Needed from the entries below: every line that holds the word "Gràcies".

─── Given entries

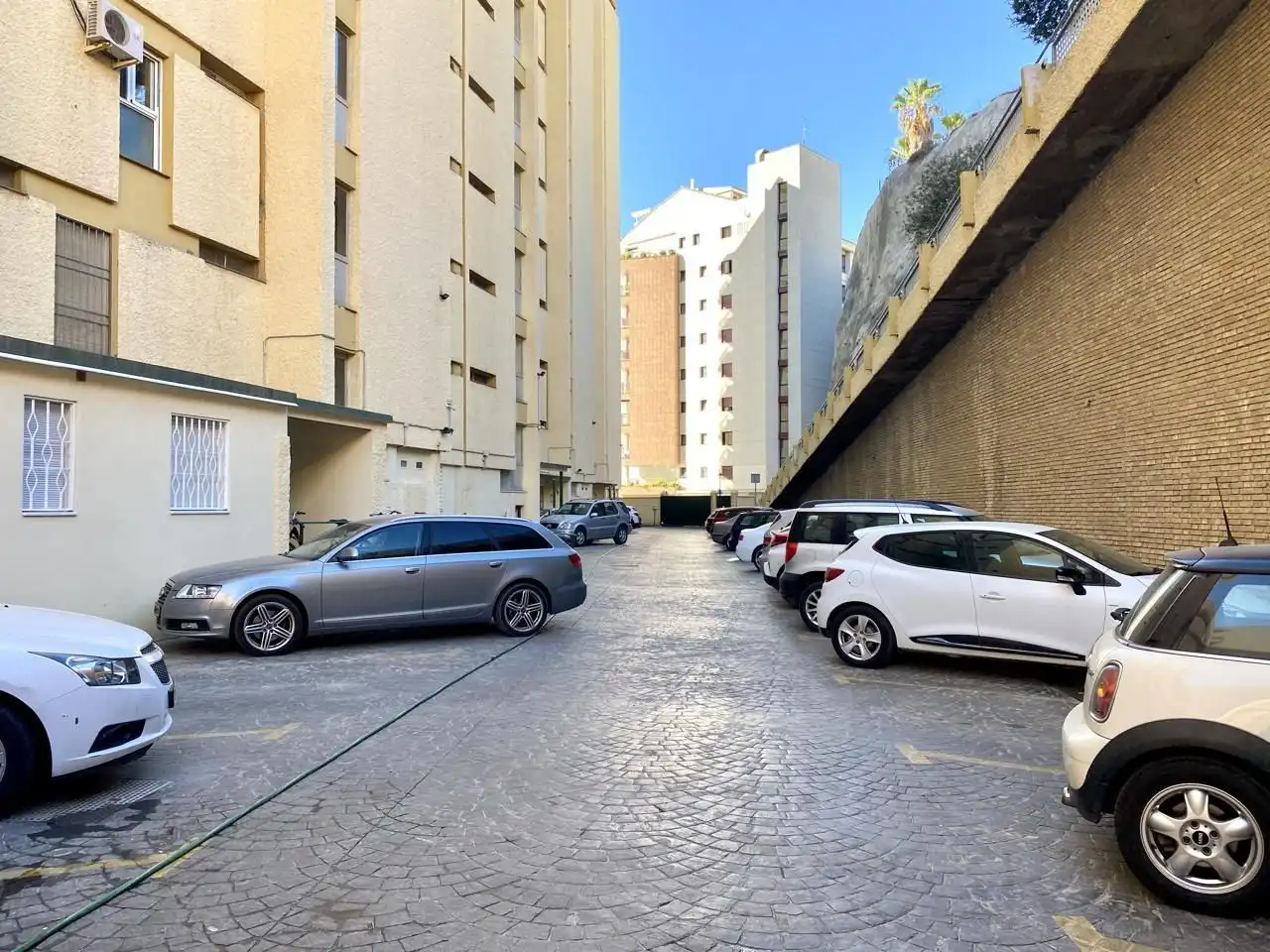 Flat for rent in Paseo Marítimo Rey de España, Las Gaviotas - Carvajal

──────
─── Given entries

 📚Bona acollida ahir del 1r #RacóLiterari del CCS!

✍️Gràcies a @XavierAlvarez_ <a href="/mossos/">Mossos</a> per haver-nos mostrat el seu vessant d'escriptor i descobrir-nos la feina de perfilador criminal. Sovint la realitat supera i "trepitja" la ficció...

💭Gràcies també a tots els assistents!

──────

Exercise output:
✍️Gràcies a @XavierAlvarez_ <a href="/mossos/">Mossos</a> per haver-nos mostrat el seu vessant d'escriptor i descobrir-nos la feina de perfilador criminal. Sovint la realitat supera i "trepitja" la ficció...
💭Gràcies també a tots els assistents!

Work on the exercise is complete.